→ Brief: Restate word for word the entries below, starting with the line with "TUPANDY TUPANDY 2PCS" and continuing through the line with "Get In Loser". Include both of those lines and no others.

→ Records for this task:
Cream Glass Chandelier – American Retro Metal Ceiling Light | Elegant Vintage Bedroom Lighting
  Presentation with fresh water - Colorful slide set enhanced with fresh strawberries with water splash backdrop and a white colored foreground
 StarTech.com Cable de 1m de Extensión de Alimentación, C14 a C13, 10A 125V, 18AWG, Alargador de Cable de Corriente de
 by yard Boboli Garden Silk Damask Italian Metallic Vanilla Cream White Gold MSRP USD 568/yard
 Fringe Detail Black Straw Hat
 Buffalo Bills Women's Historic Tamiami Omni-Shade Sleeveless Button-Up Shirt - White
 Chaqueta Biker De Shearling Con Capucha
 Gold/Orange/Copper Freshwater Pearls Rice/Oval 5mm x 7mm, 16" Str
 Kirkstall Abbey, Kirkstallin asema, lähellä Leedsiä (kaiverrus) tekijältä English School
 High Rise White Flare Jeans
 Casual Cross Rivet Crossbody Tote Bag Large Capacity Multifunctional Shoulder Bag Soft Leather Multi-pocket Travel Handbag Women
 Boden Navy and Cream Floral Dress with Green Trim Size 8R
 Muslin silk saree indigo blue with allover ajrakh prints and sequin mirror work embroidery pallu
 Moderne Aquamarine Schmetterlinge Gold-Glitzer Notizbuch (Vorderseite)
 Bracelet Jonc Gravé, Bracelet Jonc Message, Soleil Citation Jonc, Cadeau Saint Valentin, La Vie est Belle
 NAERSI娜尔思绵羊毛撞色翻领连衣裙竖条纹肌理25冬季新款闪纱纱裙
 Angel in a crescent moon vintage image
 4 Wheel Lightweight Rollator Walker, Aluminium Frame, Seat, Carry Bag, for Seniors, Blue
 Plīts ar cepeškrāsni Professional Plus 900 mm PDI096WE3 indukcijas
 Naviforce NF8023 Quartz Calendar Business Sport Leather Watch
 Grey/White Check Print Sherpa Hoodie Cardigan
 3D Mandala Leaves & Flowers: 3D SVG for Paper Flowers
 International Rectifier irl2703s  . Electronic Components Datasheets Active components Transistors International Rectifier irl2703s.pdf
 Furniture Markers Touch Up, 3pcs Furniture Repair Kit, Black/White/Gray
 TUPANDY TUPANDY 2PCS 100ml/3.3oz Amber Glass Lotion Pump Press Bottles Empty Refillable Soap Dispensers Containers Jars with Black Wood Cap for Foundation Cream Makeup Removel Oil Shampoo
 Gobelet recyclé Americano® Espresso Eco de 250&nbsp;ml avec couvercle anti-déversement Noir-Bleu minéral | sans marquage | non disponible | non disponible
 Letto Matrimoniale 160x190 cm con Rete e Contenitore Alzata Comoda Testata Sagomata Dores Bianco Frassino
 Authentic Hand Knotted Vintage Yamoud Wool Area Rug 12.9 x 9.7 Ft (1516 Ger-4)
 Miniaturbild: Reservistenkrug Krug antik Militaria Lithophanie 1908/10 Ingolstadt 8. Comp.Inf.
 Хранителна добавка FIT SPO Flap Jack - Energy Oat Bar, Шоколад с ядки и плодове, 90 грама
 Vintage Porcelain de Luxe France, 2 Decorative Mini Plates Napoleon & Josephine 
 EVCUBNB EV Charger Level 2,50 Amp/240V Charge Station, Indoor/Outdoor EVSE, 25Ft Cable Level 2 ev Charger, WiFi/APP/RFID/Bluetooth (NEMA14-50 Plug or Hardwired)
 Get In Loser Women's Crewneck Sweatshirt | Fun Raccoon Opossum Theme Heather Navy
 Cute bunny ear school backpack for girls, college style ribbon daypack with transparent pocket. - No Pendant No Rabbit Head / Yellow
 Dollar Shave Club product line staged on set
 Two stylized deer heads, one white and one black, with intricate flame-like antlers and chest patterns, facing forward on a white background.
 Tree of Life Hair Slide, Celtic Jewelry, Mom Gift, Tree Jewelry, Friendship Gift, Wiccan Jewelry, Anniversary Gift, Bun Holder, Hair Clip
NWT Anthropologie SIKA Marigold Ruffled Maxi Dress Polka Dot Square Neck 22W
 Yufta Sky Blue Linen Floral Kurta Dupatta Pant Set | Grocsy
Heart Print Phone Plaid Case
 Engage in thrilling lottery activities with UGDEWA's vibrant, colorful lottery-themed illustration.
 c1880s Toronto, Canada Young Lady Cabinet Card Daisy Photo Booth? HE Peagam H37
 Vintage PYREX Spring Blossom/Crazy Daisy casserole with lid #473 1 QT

→ Solution to this task:
 TUPANDY TUPANDY 2PCS 100ml/3.3oz Amber Glass Lotion Pump Press Bottles Empty Refillable Soap Dispensers Containers Jars with Black Wood Cap for Foundation Cream Makeup Removel Oil Shampoo
 Gobelet recyclé Americano® Espresso Eco de 250&nbsp;ml avec couvercle anti-déversement Noir-Bleu minéral | sans marquage | non disponible | non disponible
 Letto Matrimoniale 160x190 cm con Rete e Contenitore Alzata Comoda Testata Sagomata Dores Bianco Frassino
 Authentic Hand Knotted Vintage Yamoud Wool Area Rug 12.9 x 9.7 Ft (1516 Ger-4)
 Miniaturbild: Reservistenkrug Krug antik Militaria Lithophanie 1908/10 Ingolstadt 8. Comp.Inf.
 Хранителна добавка FIT SPO Flap Jack - Energy Oat Bar, Шоколад с ядки и плодове, 90 грама
 Vintage Porcelain de Luxe France, 2 Decorative Mini Plates Napoleon & Josephine 
 EVCUBNB EV Charger Level 2,50 Amp/240V Charge Station, Indoor/Outdoor EVSE, 25Ft Cable Level 2 ev Charger, WiFi/APP/RFID/Bluetooth (NEMA14-50 Plug or Hardwired)
 Get In Loser Women's Crewneck Sweatshirt | Fun Raccoon Opossum Theme Heather Navy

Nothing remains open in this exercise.